The records START
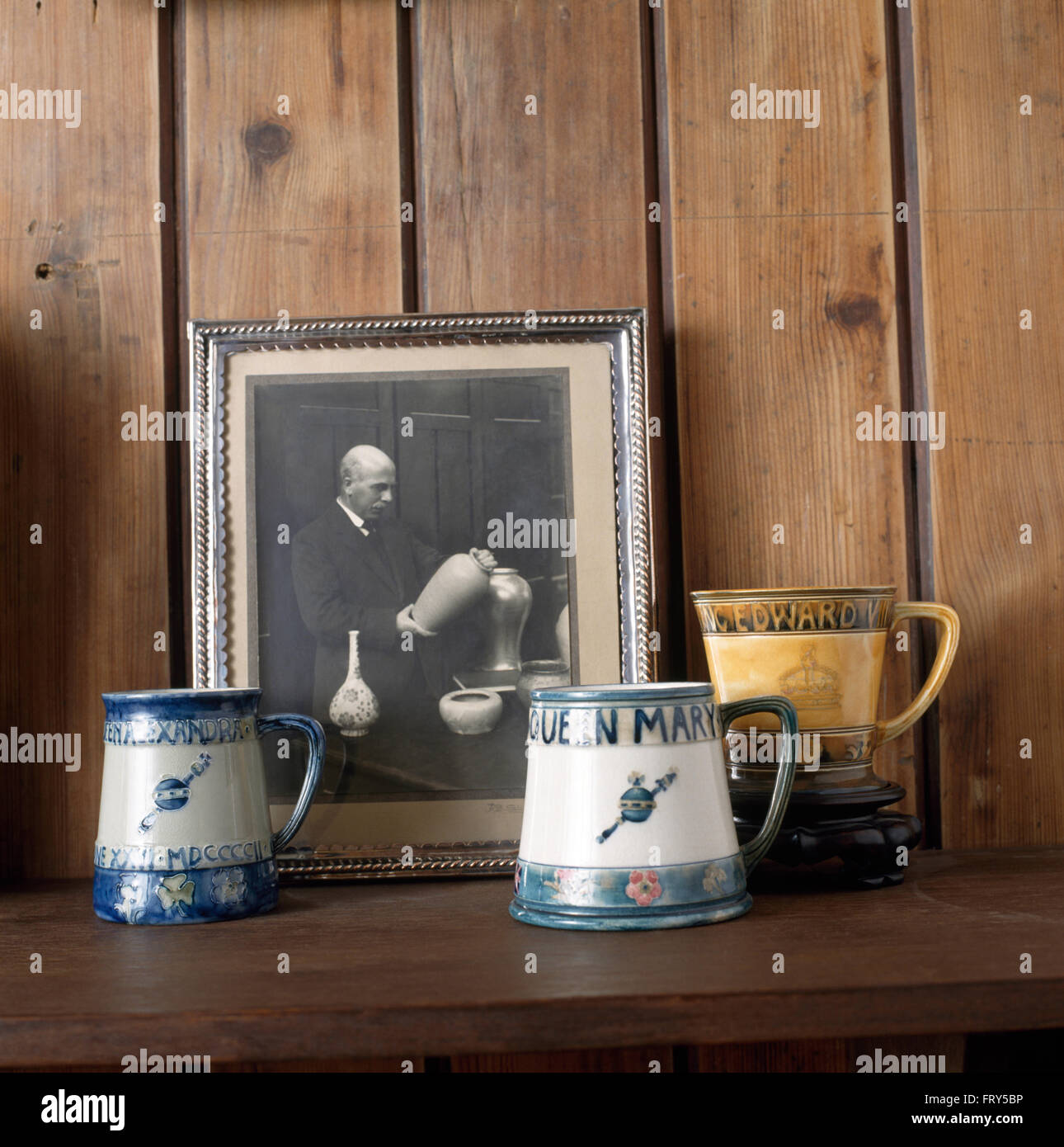 Close-up di Moorcroft tazze con un nero+white fotografia di William Moorcraft Foto Stock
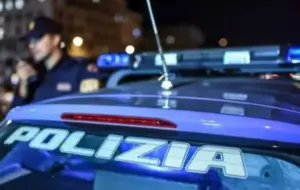 Falsomiele, sassaiola contro la polizia durante una gara clandestina: otto agenti feriti e due arresti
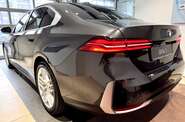 BMW 5 Series Base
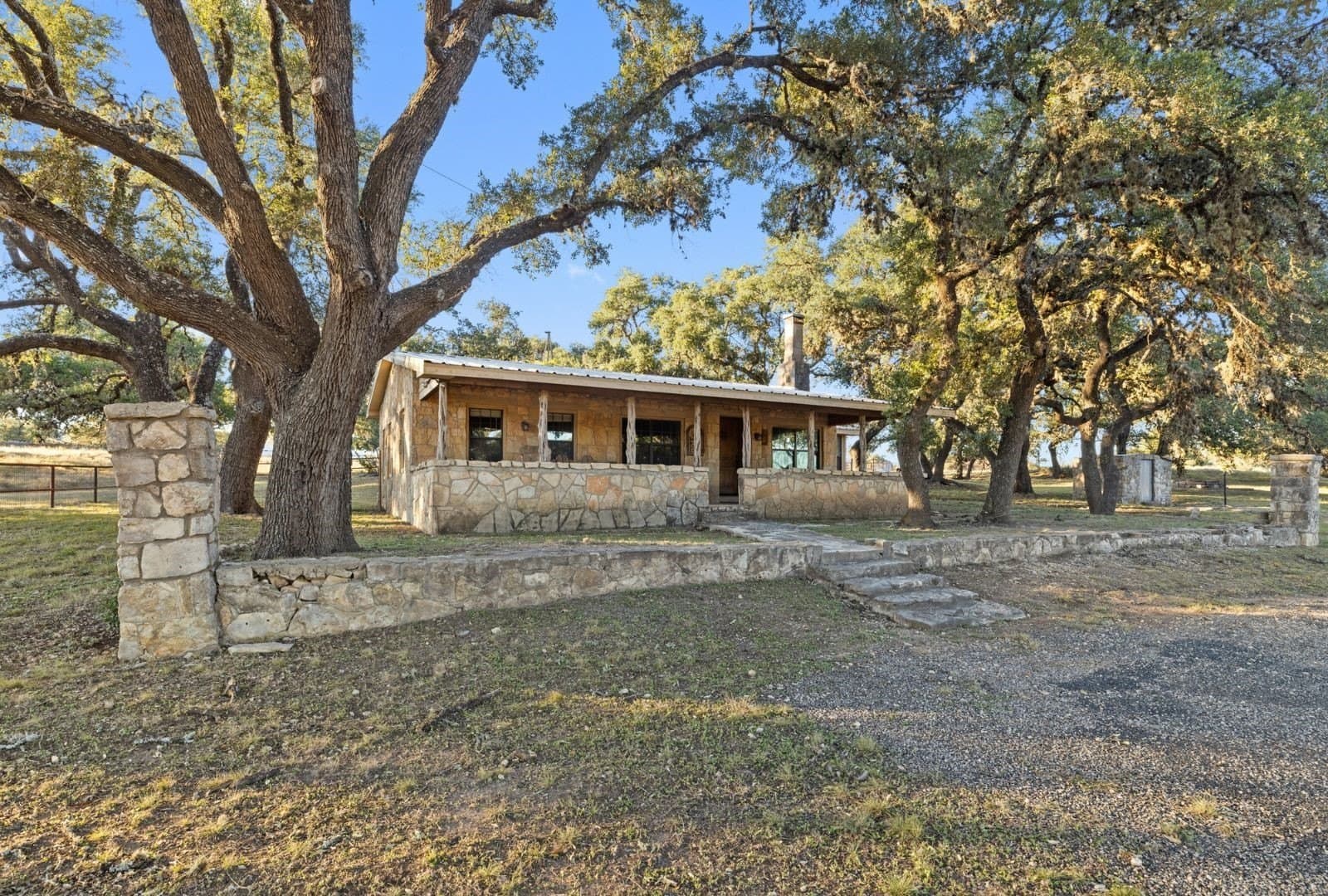 855 acres in Hays County - photo 38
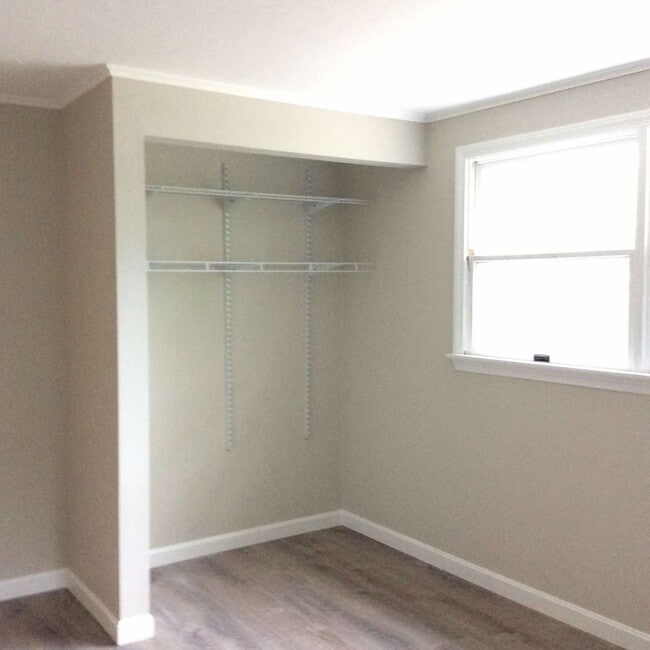 Building Photo - Adorable 2 Bedroom in Moultonborough - *PR...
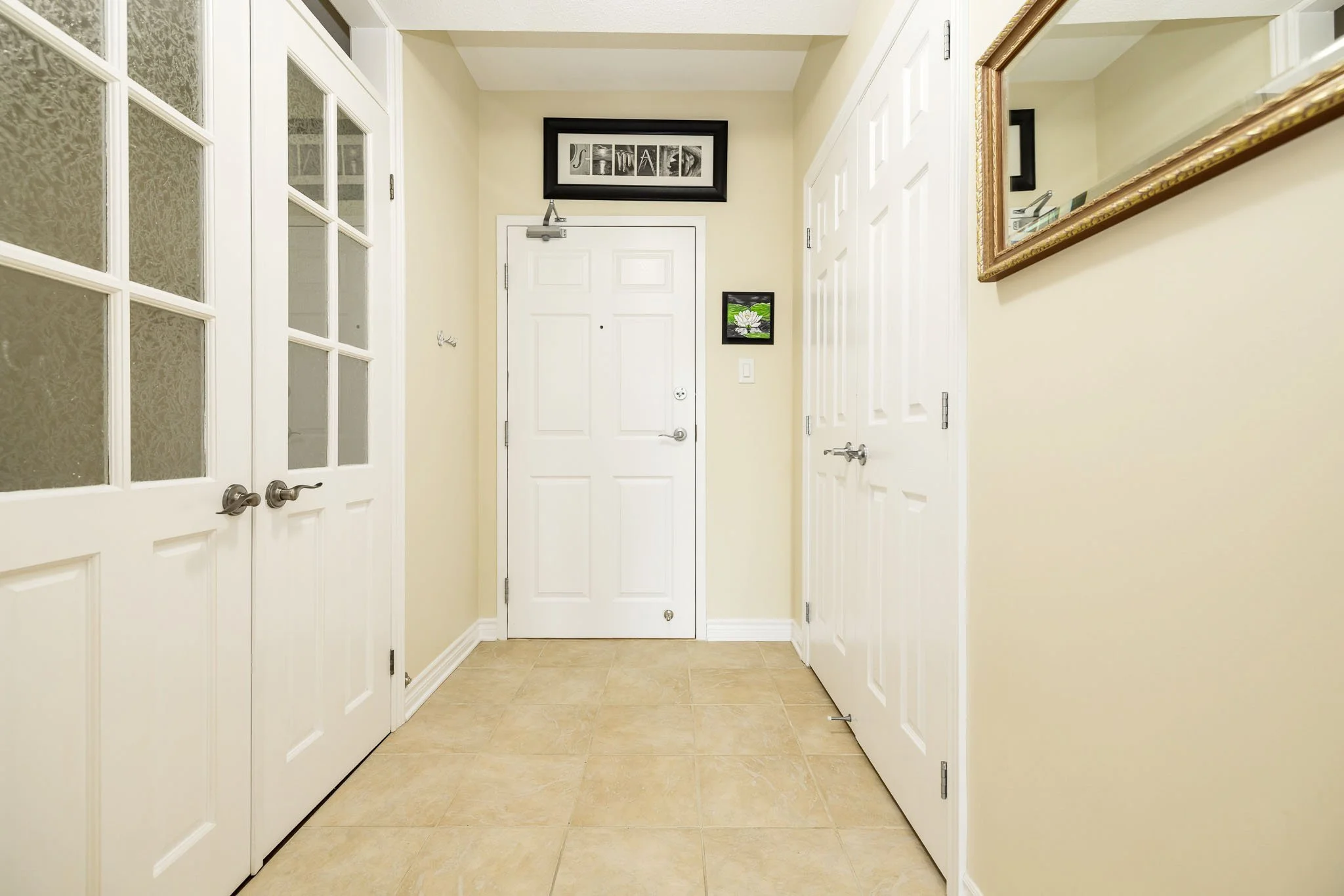 50 Magnolia 203_0010.jpg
The records END
*What you need to do:* Reproduce verbatim, and only, the lines starting at the one that contains "Falsomiele, sassaiola contro" and ending with the final line of the records; leave out the pictures.

*Reply:*
 Falsomiele, sassaiola contro la polizia durante una gara clandestina: otto agenti feriti e due arresti
 BMW 5 Series Base
 855 acres in Hays County - photo 38
 Building Photo - Adorable 2 Bedroom in Moultonborough - *PR...
 50 Magnolia 203_0010.jpg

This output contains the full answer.